How to read a Parquet file into Pandas DataFrame?

Python Problem Overview

How to read a modestly sized Parquet data-set into an in-memory Pandas DataFrame without setting up a cluster computing infrastructure such as Hadoop or Spark? This is only a moderate amount of data that I would like to read in-memory with a simple Python script on a laptop. The data does not reside on HDFS. It is either on the local file system or possibly in S3. I do not want to spin up and configure other services like Hadoop, Hive or Spark.
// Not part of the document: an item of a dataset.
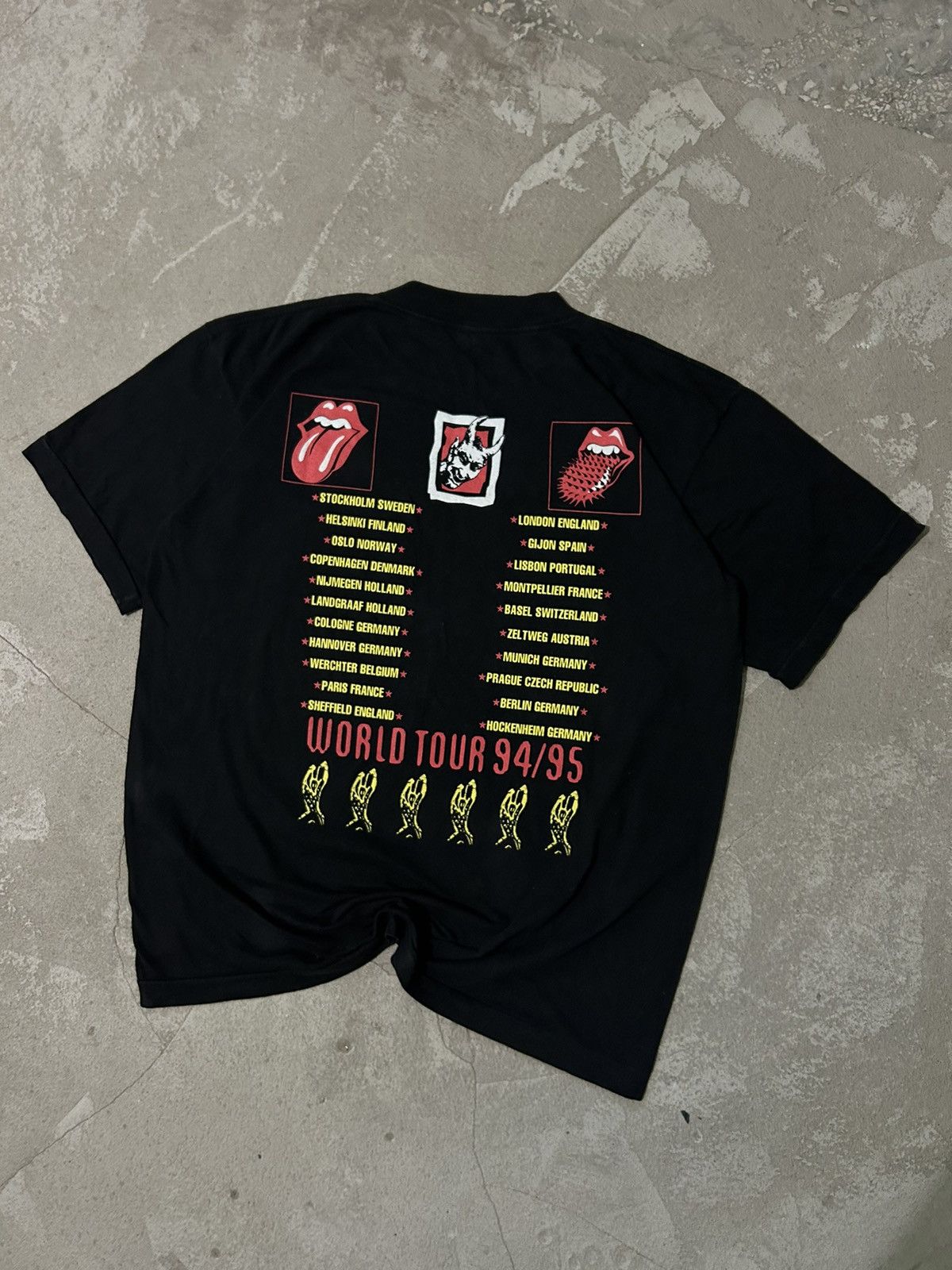 The Rolling Stones × Vintage The Rolling Stones 1994 Tour Vintage L Size US L / EU 52-54 / 3 - 5 Thumbnail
I thought Blaze/Odo would have made this possible: the Odo documentation mentions Parquet, but the examples seem all to be going through an external Hive runtime.

Python Solutions

Solution 1 - Python

pandas 0.21 introduces new functions for Parquet:

import pandas as pd
pd.read_parquet('example_pa.parquet', engine='pyarrow')

import pandas as pd
pd.read_parquet('example_fp.parquet', engine='fastparquet')

The above link explains:

> These engines are very similar and should read/write nearly identical parquet format files. These libraries differ by having different underlying dependencies (fastparquet by using numba, while pyarrow uses a c-library).

Solution 2 - Python

Update: since the time I answered this there has been a lot of work on this look at Apache Arrow for a better read and write of parquet. Also: http://wesmckinney.com/blog/python-parquet-multithreading/

There is a python parquet reader that works relatively well: https://github.com/jcrobak/parquet-python

It will create python objects and then you will have to move them to a Pandas DataFrame so the process will be slower than pd.read_csv for example.

Solution 3 - Python

Aside from pandas, Apache pyarrow also provides way to transform parquet to dataframe

The code is simple, just type:

import pyarrow.parquet as pq

df = pq.read_table(source=your_file_path).to_pandas()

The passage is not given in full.